I decided to learn Arabic by joining the Peace Corps in the beautiful Hashemite Kingdom of Jordan because I wanted the language skills to help Iraqi and Palestinian refugees. That career didn’t work out, but I fell in love with second language teaching.
In the course of more than a decade of teaching English to (mostly) Arabs, and Arabic to (mostly) English speakers, I couldn’t help but see a vast gap in the kinds and quality of curriculum available for English as an Additional Language (EAL) vs.
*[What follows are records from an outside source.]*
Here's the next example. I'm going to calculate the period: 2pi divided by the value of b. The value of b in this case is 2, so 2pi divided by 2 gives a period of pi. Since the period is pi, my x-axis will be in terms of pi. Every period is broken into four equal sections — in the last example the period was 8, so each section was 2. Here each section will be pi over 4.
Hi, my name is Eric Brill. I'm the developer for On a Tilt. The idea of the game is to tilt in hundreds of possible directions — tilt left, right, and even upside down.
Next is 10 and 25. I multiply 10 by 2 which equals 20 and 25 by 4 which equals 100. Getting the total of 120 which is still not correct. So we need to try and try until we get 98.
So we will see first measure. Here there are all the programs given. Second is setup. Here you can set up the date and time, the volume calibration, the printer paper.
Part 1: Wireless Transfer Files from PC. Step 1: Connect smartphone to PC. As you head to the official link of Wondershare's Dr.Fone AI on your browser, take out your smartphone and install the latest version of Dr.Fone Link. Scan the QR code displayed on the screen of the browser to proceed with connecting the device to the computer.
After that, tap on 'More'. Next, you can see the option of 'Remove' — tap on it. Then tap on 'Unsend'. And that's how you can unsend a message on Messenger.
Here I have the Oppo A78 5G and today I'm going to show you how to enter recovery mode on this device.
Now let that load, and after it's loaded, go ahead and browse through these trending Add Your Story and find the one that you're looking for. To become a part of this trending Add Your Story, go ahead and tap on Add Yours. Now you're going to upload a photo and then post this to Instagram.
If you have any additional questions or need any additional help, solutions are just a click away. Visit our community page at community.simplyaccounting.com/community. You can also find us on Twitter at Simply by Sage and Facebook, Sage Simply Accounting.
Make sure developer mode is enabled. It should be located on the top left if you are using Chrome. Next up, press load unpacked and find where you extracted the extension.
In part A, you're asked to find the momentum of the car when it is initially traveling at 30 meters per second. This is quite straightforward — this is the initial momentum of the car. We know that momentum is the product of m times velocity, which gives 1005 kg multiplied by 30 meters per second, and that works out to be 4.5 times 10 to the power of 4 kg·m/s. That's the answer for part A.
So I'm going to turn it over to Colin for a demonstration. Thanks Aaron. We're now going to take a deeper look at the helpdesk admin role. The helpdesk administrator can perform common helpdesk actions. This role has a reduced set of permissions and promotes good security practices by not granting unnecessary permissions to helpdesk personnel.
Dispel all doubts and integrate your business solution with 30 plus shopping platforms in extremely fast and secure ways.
Arabic as a Foreign Language (AFL), and the disparity in research underpinning that gap.

This brought me to my PhD in Second Language Acquisition and Teaching, where I am pursuing skills that will help me develop more effective AFL materials and curriculum, with a particular focus on the first semester and year of Arabic studies.
At the university, I have two focuses: my language acquisition research interests, and my Arabic teaching priorities.
As a researcher, I’m curious about how children acquire Arabic as a first language, particularly verb morphosyntax.
- If we can establish an acquisition order for Arabic as a first language, can it help us organize more effective curricula for teaching AFL, as has been in the case for EAL?
As an educator, I’m interested in inclusion and Universal Design for Learning (UDL) across many facets of student diversity.
- How do we ensure that first-year students, including first generation college students, are set up to succeed in the university environment and the language learning classroom?
- How do we manage the needs and insecurities of heritage speakers of Arabic dialects who may not be literate in Arabic, tajweed students who are literate in Arabic but can’t communicate in it, and second language learners who are neither speakers of Arabic nor literate in Arabic?
- How do we ensure that queer and nonbinary students feel included in a profoundly binary language like Arabic?
- How do we accommodate students with disabilities, and especially language-specific disabilities like dyslexia?